_WHAT IS REQUIRED:_
With the pictures left out, reproduce exactly the lines from the one containing "Vector illustration of Rooster" through the final line of the entries.

_SUPPLIED ENTRIES:_
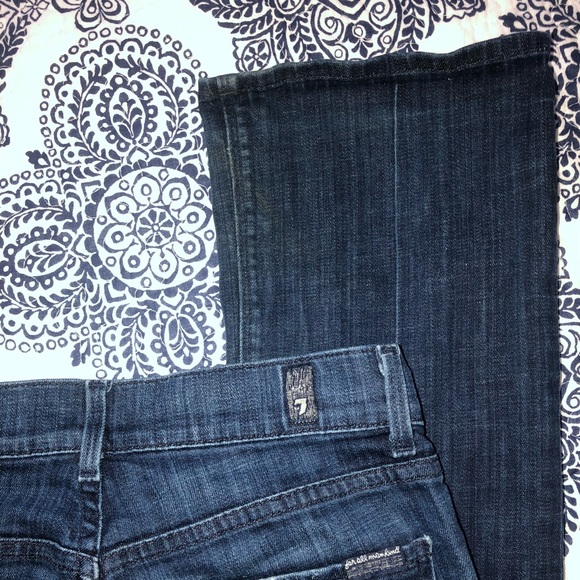 Size 26 - 7 for All Man Kind Boot Cut Jeans - Picture 4 of 7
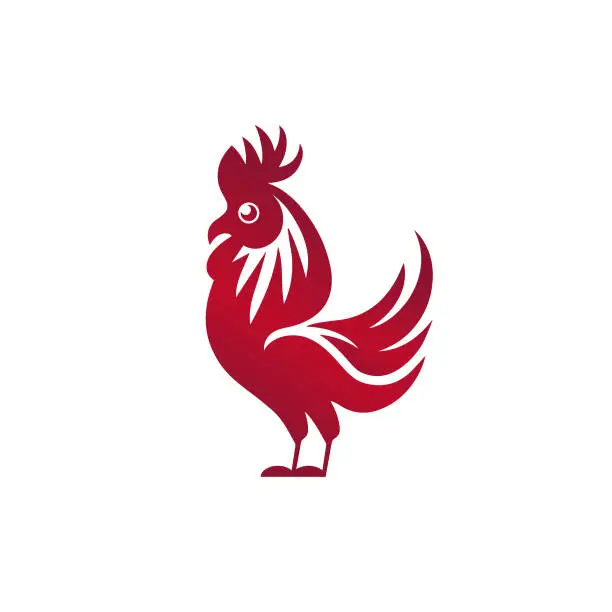 Vector illustration of Rooster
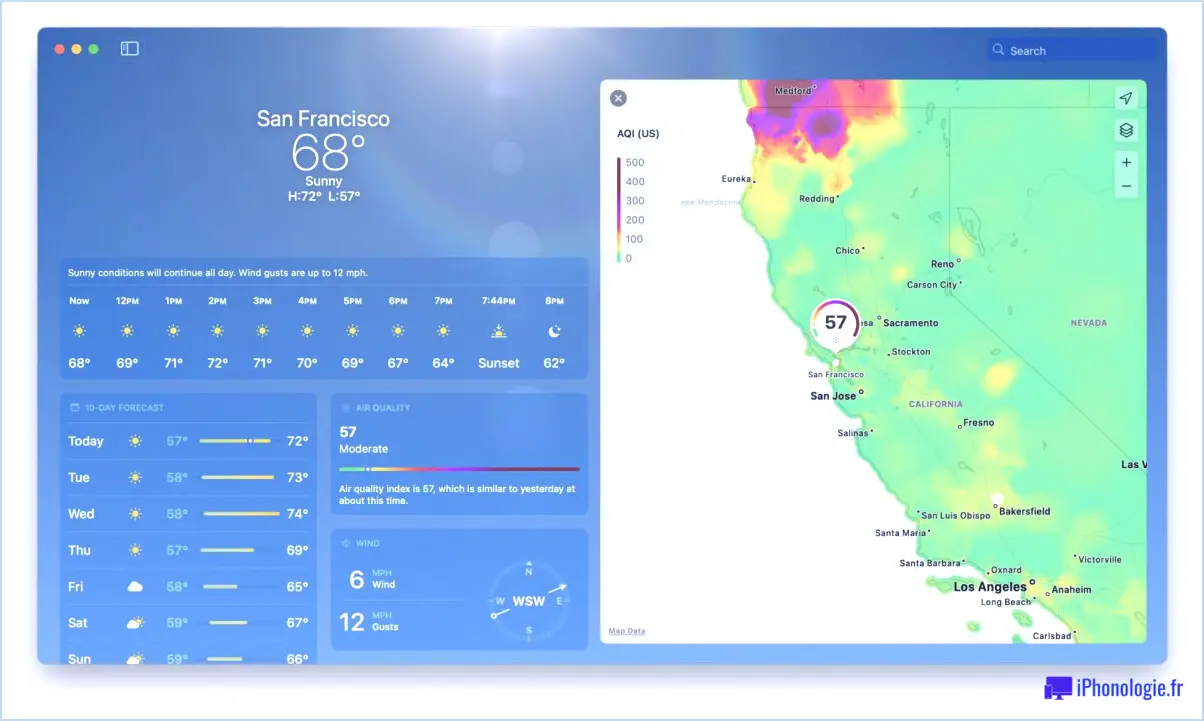 Voir l'application AQI Map on Weather pour Mac, iPhone et iPad
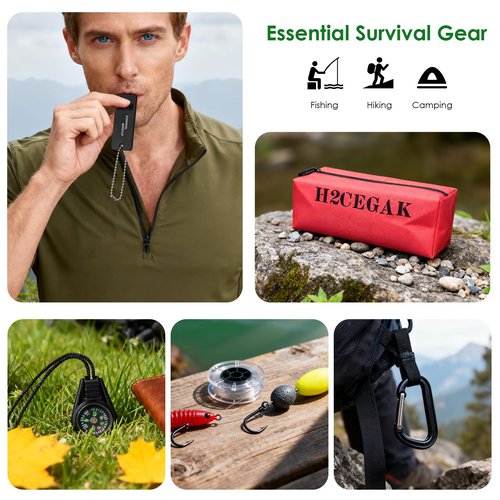 h2CeGak Advent Calendar 2025 Survival Kit Advent Calendar for Men, 24 Days Survival Tools for Adult Teen, 2025 Xmas Calender for Outdoor Enthusiasts Adult Men Teen Boys Husband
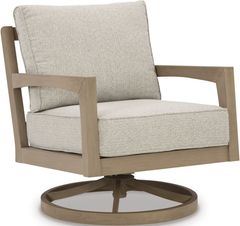 Signature Design by Ashley® Hallow Creek Driftwood Outdoor Swivel Lounge with Cushion
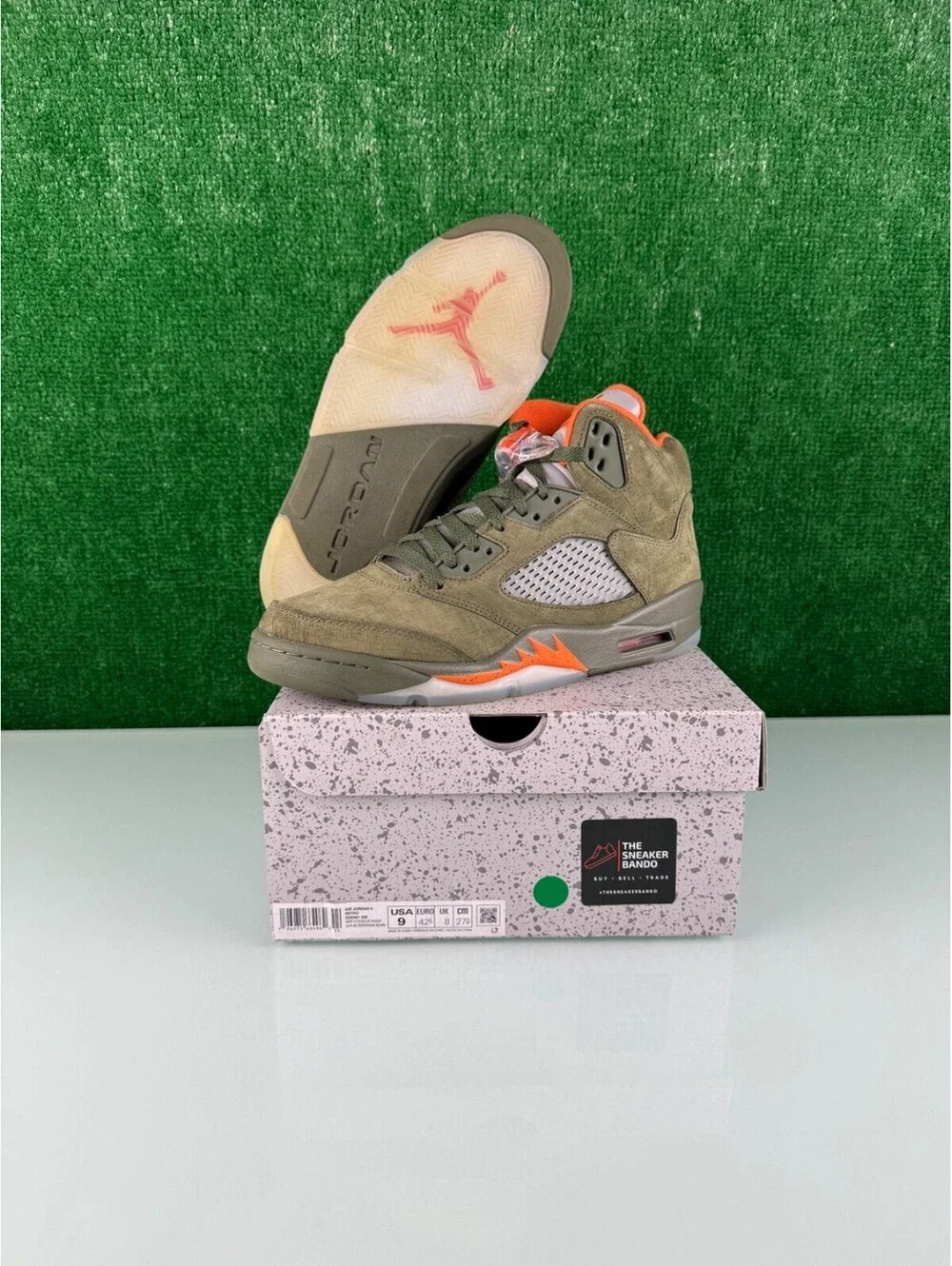 Size 9 - Air Jordan 5 Retro 2024 Olive CLEAN!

_EXERCISE OUTPUT:_
 Vector illustration of Rooster
 Voir l'application AQI Map on Weather pour Mac, iPhone et iPad
 h2CeGak Advent Calendar 2025 Survival Kit Advent Calendar for Men, 24 Days Survival Tools for Adult Teen, 2025 Xmas Calender for Outdoor Enthusiasts Adult Men Teen Boys Husband
 Signature Design by Ashley® Hallow Creek Driftwood Outdoor Swivel Lounge with Cushion
 Size 9 - Air Jordan 5 Retro 2024 Olive CLEAN!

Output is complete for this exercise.